The host processor 100 may control the electronic device 10 as a whole. The host processor 100 may generate image data IMAGE DATA to be displayed on the display panel 300, and transmit the image data IMAGE DATA to the display driving circuit 200. As an embodiment, the host processor 100 may encode the image data IMAGE DATA and transmit an encoded image result as an input bit stream to the display driving circuit 200.

The host processor 100 may display a moving image (or a video) on the display panel 300, and a portion of the moving image may be in a stationary state for a certain time. In this case, the host processor 100 may transmit the image data IMAGE DATA in the stationary state to the display driving circuit 200, and may not transmit the image data IMAGE DATA to the display driving circuit 200 for a certain period of time thereafter. The display driving circuit 200 may output the received image data IMAGE DATA to the display panel 300 for a certain period of time.

Thereafter, when the stationary state of the moving image is terminated, the host processor 100 may transmit new image data IMAGE DATA to the display driving circuit 200.

In some embodiments, the host processor 100 may correspond to an application processor. However, the inventive concept is not limited thereto, and the host processor 100 may be implemented as various types of processors such as a central processing unit (CPU), a microprocessor (microprocessor), a multimedia processor, and a graphics processing unit. For example, the host processor 100 may be implemented as an integrated circuit (IC) or may be implemented as a mobile application processor (AP) or a system on chip (SoC).

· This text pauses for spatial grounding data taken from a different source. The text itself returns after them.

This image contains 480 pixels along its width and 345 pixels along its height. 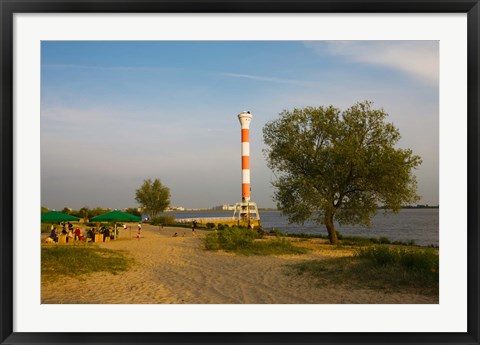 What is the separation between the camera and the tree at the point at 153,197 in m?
67.8

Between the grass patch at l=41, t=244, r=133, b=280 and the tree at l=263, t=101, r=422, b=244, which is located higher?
the tree at l=263, t=101, r=422, b=244

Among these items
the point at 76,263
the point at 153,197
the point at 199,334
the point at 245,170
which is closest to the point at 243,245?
the point at 76,263

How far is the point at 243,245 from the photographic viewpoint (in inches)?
773

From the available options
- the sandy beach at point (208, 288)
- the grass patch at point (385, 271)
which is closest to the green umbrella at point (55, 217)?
the sandy beach at point (208, 288)

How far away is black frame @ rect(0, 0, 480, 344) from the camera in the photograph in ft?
18.5

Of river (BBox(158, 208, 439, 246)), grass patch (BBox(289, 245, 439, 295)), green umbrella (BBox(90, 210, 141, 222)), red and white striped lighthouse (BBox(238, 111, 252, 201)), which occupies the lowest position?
river (BBox(158, 208, 439, 246))

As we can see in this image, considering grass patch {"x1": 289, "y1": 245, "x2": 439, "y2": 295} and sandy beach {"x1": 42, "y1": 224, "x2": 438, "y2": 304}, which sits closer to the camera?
sandy beach {"x1": 42, "y1": 224, "x2": 438, "y2": 304}

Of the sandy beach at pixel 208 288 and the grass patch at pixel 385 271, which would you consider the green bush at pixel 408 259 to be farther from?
the sandy beach at pixel 208 288

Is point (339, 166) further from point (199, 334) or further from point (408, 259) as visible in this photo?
point (199, 334)

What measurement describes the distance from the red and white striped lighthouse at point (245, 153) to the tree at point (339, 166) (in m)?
19.4

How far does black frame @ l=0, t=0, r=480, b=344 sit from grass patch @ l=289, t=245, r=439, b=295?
388cm

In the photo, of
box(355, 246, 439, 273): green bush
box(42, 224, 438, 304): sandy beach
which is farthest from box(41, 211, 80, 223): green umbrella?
box(355, 246, 439, 273): green bush

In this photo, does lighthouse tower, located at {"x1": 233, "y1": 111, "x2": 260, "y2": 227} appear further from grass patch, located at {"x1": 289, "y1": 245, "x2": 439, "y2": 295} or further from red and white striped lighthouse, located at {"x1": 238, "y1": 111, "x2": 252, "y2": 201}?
grass patch, located at {"x1": 289, "y1": 245, "x2": 439, "y2": 295}

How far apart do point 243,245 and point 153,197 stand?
50.6 metres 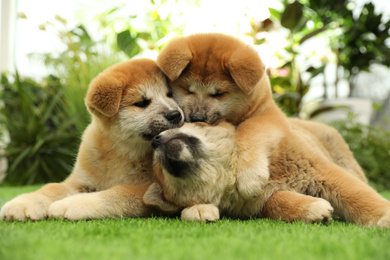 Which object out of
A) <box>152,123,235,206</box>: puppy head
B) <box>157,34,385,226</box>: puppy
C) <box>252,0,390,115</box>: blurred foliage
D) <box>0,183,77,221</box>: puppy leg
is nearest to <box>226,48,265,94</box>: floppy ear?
<box>157,34,385,226</box>: puppy

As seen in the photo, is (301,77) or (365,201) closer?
(365,201)

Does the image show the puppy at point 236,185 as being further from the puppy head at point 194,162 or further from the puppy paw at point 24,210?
the puppy paw at point 24,210

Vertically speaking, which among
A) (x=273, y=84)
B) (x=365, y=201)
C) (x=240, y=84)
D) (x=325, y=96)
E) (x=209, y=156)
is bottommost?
(x=325, y=96)

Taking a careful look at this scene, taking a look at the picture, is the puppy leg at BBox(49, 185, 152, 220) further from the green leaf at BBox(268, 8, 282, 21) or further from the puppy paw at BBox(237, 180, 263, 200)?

The display driving circuit 200 may receive the image data IMAGE DATA from the host processor 100, convert the image data IMAGE DATA into frame data FD_OUT and transmit the frame data result to the display panel 300 to drive the display panel 300.

In some embodiments, to periodically output a still image for a certain period of time, the display driving circuit 200 may store the image data IMAGE DATA received from the host processor 100 and periodically output the stored image data IMAGE DATA to the display panel 300.

To output the image data IMAGE DATA, the display driving circuit 200 may encode a processed data result, on which a number of image processes are completed, store an encoded data result, and periodically decode the stored data and output a decoded data result, instead of repeatedly performing the image processing operations. Accordingly, while the still image remains, the image processing operations may be bypassed to reduce power consumption by the display driving circuit 200.

According to an embodiment of the inventive concept, the display driving circuit 200 may include an encoding controller 210. Whether the encoding of the processed data result is successful may be determined according to an encoding environment or setting, and when the encoding of the processed data result fails, the encoding controller 210 may repeat the encoding again, while changing the encoding setting, to increase an encoding success probability.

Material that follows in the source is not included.